Cake 9: Baked Chiffon Cheesecake

The easy part of class this weekend was making the graham cracker crust, a standard base for cheesecakes. To help tie the flavours together, we added some ground almonds into the mix as well. I brought a flat-bottomed ramekin to class which was a useful tool for pressing the crumbs into the pan. Since I forgot my springform bottom, I used a parchment-lined 6-inch cake pan from the school.

Baked Chiffon CheesecakeFor the filling, Chef deviated from the printed recipe, leaving us all scrambling to take notes. The notes said to use baker's cheese or quark, but we used regular cream cheese instead. Our instructor raved about the Lactantia brand, which she favoured for its creamy consistency, unlike the slightly rubbery texture of Philadelphia. We creamed the cheese together with the dry ingredients, which included milk powder and thickeners in the form of flour and cornstarch. Once these were combined, we added almond and vanilla extracts, oil, hot water, buttermilk and egg yolks, scraping the bowl constantly. The idea was to start with the thickest, densest ingredients and gradually work in the more liquid ones. Scraping helped minimize the chance that lumps might remain in the mixture. Finally, we whipped egg whites with sugar and folded them in.

After pouring the filling into the prepared pans, we baked them in a shallow water bath. A brief spell in the freezer wasn't enough to cool them to room temperature so we had to finish decorating them at home. While they were cooling though, we made the raspberry topping, a very simple mix of frozen berries, water, sugar and cornstarch that we boiled until it thickened. I learned a new property of some modified starches: freeze-thaw stable. Regular cornstarch (which we used) won't hold up when it's frozen and then thawed, so Chef didn't recommend freezing our cheesecakes if we topped them.

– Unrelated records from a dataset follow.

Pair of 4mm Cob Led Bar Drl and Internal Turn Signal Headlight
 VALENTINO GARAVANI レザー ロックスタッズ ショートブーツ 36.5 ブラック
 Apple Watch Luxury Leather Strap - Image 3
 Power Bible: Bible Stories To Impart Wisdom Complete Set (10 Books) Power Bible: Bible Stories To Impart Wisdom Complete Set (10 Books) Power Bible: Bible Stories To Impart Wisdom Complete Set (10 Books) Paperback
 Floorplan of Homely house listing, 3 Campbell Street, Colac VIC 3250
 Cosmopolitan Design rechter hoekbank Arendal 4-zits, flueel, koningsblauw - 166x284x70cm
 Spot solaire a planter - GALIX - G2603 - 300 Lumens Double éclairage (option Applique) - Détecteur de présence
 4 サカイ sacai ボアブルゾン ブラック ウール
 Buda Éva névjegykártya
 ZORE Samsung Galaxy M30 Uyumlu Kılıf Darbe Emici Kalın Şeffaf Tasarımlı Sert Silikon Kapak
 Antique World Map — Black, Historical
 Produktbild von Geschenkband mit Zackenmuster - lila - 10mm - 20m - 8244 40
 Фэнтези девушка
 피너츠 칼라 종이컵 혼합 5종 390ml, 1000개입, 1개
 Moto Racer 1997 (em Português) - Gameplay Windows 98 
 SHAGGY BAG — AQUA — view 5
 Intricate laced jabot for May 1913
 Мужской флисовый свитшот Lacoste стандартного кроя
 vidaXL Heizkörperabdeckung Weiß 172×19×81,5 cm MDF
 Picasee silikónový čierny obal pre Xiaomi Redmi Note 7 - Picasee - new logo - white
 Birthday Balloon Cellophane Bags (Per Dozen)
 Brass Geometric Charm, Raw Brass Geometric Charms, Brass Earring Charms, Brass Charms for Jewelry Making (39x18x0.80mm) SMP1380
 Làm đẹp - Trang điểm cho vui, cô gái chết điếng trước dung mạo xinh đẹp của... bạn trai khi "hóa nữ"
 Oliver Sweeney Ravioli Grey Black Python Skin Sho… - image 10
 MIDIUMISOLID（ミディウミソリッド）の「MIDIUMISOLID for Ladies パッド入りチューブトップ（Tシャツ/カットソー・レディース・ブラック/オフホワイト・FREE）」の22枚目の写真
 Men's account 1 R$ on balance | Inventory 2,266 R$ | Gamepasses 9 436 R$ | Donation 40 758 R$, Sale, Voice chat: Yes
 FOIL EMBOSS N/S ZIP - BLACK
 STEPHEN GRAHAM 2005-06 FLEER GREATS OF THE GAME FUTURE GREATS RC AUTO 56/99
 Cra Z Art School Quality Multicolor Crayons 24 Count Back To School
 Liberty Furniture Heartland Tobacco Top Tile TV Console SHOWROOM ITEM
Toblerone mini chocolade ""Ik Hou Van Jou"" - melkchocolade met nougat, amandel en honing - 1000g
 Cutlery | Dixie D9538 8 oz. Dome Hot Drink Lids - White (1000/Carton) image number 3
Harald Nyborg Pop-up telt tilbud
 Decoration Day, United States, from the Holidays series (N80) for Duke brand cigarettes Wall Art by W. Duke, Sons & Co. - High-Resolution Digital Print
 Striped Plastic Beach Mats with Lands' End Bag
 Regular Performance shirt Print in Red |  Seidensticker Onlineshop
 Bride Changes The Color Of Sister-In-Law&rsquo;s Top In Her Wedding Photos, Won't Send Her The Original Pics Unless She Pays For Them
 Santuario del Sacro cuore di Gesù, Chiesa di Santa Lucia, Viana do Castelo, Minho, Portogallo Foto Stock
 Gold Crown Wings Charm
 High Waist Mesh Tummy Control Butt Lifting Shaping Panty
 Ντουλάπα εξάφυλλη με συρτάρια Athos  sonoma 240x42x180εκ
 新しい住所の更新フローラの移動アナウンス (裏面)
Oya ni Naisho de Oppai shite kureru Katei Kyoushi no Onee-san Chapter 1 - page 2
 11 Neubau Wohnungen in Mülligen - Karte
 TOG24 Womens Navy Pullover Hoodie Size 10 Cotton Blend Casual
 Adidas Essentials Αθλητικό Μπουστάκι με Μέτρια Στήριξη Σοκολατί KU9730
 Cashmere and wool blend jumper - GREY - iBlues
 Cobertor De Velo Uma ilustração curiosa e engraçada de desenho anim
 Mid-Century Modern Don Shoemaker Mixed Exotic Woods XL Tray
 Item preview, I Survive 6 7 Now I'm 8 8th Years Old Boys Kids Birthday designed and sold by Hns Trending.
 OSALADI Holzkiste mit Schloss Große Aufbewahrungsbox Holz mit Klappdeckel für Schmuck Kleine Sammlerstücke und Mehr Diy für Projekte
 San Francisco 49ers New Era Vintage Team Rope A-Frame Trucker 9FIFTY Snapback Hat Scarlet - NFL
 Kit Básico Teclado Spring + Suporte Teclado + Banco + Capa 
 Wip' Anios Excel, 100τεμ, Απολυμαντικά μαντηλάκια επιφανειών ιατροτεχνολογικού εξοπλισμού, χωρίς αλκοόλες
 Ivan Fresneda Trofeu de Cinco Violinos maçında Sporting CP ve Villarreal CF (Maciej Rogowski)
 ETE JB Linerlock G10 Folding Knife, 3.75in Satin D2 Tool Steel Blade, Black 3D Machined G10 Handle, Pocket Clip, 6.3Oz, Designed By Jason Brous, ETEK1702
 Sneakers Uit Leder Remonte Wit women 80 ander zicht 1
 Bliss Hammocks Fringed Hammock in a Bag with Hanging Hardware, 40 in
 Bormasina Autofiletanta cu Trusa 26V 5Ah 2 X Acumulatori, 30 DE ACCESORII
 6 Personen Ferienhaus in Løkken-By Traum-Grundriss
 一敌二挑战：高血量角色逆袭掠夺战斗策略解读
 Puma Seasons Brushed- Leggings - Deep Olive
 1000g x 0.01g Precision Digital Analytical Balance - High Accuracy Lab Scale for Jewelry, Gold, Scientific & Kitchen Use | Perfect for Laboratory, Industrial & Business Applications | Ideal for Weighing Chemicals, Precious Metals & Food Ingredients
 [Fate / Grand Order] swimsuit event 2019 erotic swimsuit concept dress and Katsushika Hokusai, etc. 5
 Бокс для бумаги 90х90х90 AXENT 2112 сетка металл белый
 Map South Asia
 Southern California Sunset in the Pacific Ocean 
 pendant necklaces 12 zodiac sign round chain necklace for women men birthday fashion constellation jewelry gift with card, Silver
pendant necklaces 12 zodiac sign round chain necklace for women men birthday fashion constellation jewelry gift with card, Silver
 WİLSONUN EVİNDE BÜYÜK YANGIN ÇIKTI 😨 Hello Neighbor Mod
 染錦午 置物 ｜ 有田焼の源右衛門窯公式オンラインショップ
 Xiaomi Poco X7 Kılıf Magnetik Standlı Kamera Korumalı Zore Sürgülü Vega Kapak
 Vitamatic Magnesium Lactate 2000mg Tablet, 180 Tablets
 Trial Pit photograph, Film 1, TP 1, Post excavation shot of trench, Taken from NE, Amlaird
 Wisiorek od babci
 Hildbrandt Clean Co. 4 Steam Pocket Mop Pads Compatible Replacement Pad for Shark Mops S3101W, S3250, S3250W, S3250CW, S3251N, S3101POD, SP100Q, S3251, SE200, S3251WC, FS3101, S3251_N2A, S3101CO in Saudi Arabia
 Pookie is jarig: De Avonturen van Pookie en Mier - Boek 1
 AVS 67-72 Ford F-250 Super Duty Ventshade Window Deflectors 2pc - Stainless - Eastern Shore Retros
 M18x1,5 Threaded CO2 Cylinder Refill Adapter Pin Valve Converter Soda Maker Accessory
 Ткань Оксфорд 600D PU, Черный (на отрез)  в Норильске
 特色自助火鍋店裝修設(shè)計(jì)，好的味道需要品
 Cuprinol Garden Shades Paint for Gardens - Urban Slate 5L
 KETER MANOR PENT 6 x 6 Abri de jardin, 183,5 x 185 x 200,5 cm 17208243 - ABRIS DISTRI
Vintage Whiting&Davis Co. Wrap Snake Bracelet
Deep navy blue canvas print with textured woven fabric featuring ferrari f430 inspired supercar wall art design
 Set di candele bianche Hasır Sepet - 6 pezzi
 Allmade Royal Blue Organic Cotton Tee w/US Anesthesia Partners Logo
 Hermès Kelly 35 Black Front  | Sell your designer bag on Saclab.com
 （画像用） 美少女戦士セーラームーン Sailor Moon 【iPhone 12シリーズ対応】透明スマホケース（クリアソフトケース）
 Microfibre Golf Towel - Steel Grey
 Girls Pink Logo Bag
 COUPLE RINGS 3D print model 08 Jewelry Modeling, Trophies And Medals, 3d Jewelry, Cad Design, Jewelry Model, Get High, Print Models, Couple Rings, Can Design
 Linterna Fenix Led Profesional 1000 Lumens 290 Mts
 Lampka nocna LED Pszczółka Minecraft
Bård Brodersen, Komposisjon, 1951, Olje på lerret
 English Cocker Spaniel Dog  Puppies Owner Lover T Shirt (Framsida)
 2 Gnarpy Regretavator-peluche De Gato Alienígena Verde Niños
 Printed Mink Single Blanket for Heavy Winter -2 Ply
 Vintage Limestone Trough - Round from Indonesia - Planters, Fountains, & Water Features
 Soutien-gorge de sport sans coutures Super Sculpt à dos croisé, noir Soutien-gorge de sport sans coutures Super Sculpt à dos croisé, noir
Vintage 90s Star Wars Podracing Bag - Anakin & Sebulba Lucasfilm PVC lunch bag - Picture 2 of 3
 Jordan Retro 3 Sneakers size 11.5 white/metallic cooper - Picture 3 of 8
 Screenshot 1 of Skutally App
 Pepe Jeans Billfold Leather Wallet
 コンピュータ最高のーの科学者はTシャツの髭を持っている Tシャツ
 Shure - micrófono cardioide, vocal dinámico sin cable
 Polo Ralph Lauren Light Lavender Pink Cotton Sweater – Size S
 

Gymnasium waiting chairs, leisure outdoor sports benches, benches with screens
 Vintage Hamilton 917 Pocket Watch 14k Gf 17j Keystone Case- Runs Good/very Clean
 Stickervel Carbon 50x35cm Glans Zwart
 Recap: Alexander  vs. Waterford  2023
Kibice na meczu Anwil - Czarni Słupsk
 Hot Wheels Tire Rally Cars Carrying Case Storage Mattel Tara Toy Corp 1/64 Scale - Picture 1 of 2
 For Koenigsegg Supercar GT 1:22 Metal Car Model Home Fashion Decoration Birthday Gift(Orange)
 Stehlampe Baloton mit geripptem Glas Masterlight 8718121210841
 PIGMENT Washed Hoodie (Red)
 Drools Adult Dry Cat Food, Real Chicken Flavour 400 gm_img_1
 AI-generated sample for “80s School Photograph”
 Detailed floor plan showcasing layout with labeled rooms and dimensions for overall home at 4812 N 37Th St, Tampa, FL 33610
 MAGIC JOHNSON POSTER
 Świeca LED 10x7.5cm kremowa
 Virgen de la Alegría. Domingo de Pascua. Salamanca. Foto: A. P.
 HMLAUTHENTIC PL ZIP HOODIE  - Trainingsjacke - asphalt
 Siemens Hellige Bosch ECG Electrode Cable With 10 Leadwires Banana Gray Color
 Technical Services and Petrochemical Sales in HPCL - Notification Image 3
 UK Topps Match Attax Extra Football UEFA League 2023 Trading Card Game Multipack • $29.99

This cake was unlike any other cheesecake I've had. It doesn't resemble a dense, New York style dessert, nor a grainy ricotta-based one, nor a dry crumbly one I've had from a Polish bakery. The texture is like an egg custard or a stiff mousse when you first put it in your mouth, but the richness quickly reminds you it's made out of cream cheese. It doesn't have much tanginess to it, which I like, but it's a cake I'd make again.